WHAT YOU SHOULD DO:
Please repeat nothing except the lines from the one containing "Crop Top Bra" through the end of the records, exactly and without pictures.

Pictures with short captions:

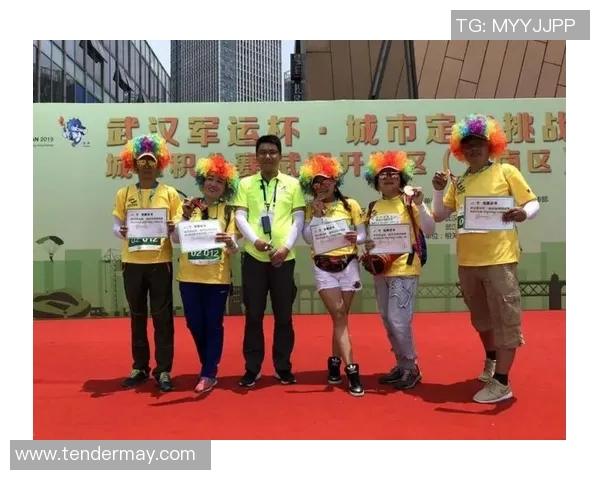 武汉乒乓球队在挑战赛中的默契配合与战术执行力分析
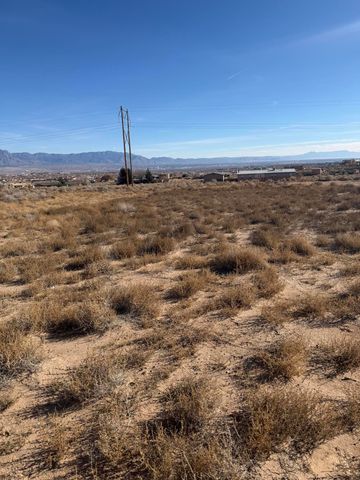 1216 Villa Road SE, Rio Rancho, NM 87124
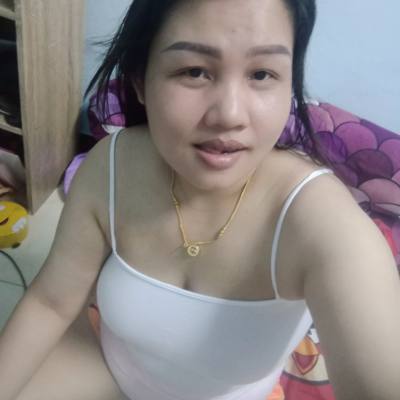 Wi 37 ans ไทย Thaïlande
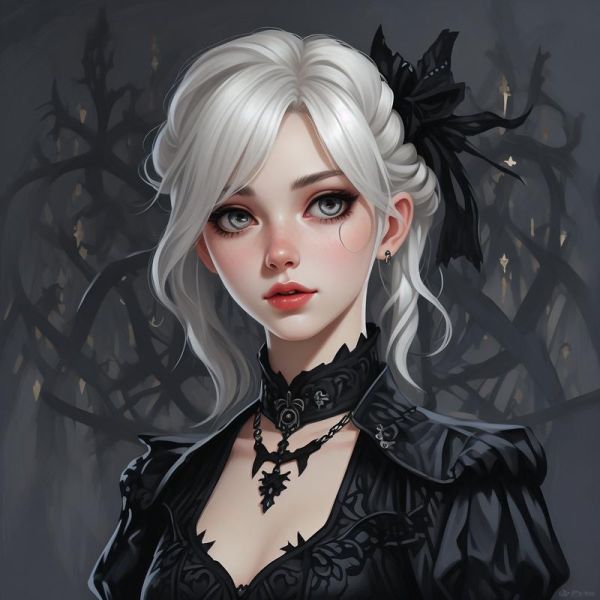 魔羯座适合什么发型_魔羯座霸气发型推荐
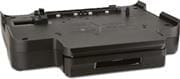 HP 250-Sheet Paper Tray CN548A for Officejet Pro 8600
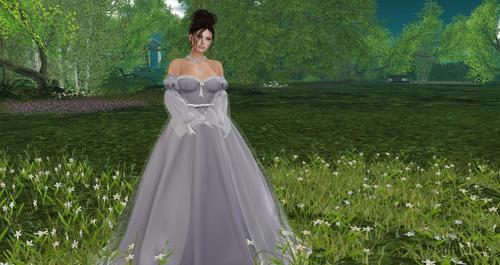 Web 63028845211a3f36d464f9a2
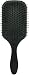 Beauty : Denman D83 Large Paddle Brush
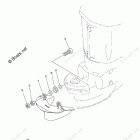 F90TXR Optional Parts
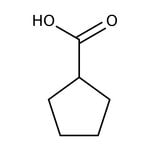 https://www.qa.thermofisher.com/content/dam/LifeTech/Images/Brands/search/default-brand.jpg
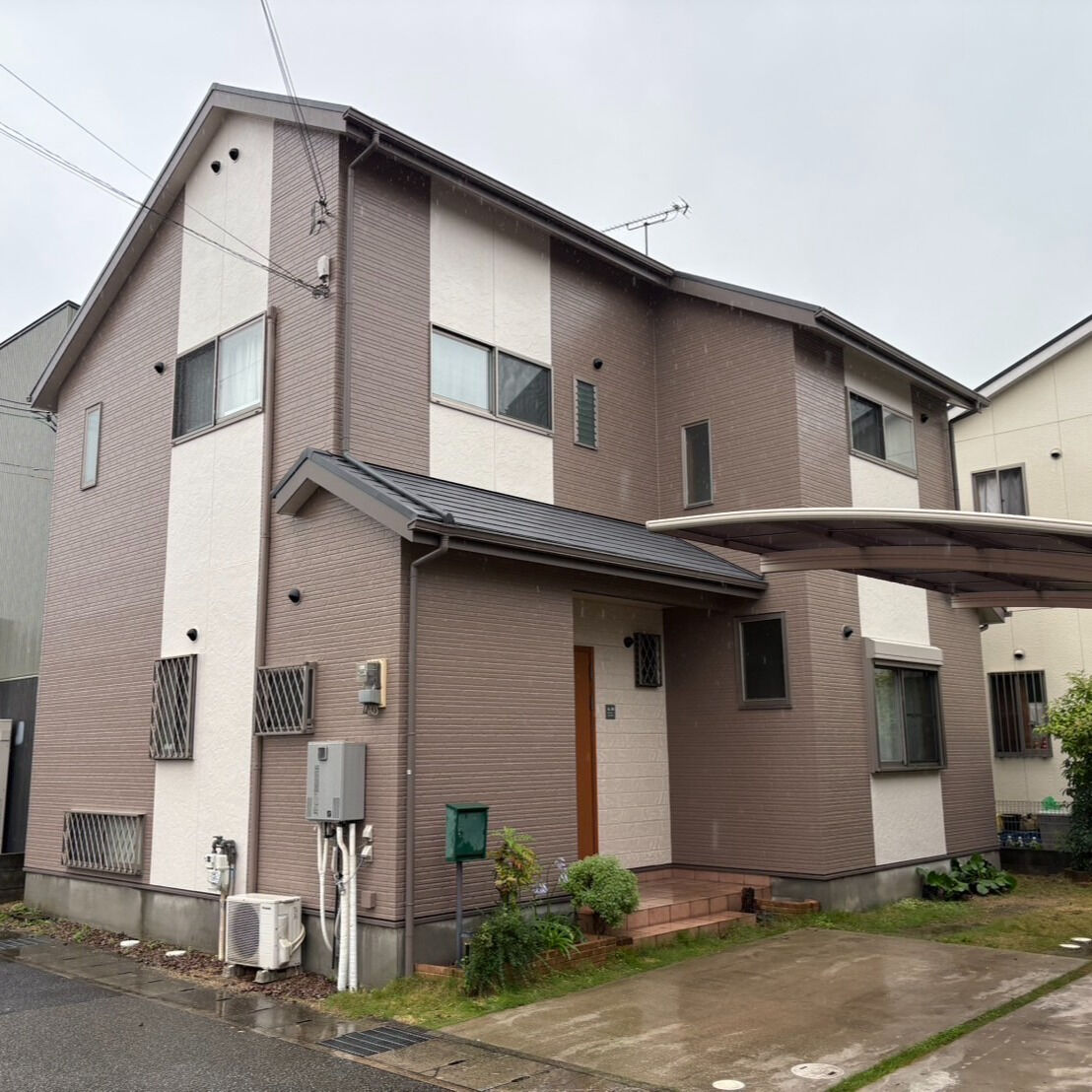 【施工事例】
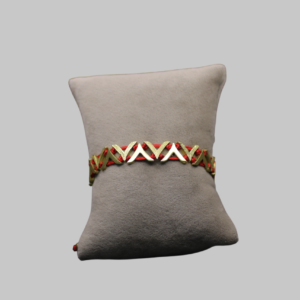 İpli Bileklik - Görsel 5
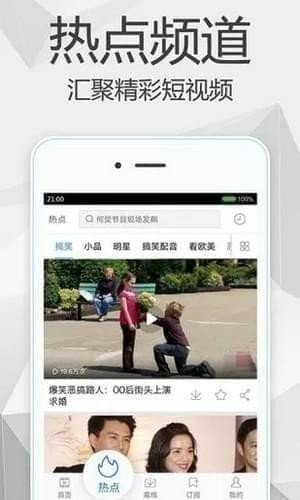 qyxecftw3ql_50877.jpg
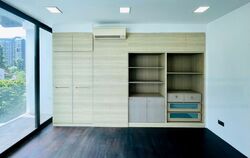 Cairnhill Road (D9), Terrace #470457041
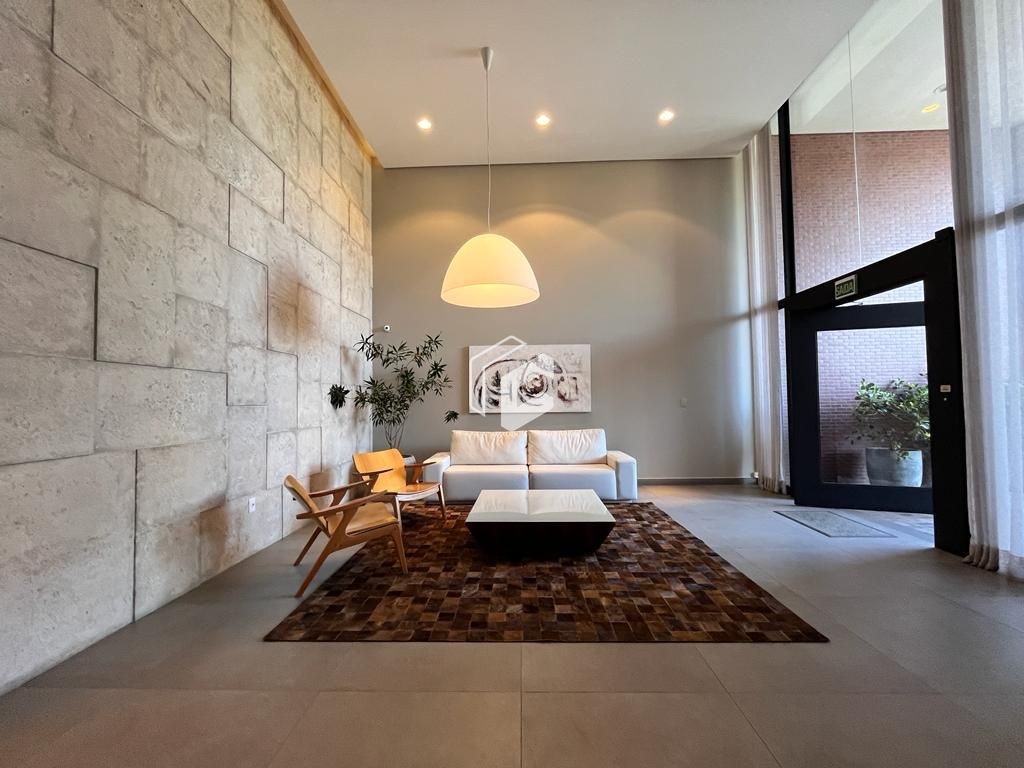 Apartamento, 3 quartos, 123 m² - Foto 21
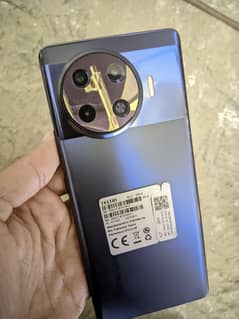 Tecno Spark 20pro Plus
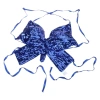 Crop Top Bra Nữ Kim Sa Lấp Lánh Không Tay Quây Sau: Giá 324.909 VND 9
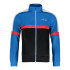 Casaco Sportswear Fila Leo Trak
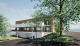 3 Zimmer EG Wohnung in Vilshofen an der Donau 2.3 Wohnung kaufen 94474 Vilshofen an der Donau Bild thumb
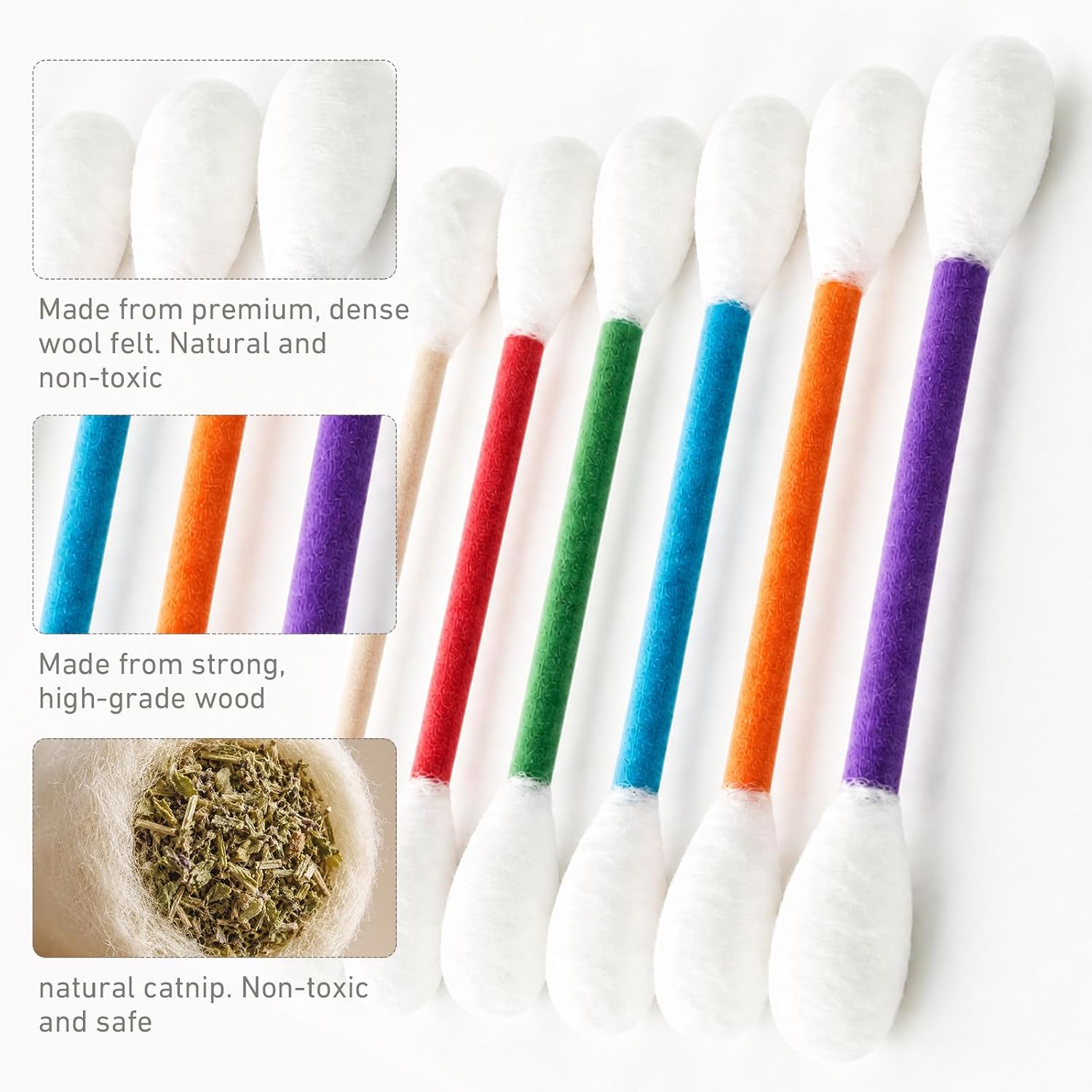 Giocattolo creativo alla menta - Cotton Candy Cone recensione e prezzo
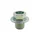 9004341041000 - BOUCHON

EXPECTED ANSWER:
 Crop Top Bra Nữ Kim Sa Lấp Lánh Không Tay Quây Sau: Giá 324.909 VND 9
 Casaco Sportswear Fila Leo Trak
 3 Zimmer EG Wohnung in Vilshofen an der Donau 2.3 Wohnung kaufen 94474 Vilshofen an der Donau Bild thumb
 Giocattolo creativo alla menta - Cotton Candy Cone recensione e prezzo
 9004341041000 - BOUCHON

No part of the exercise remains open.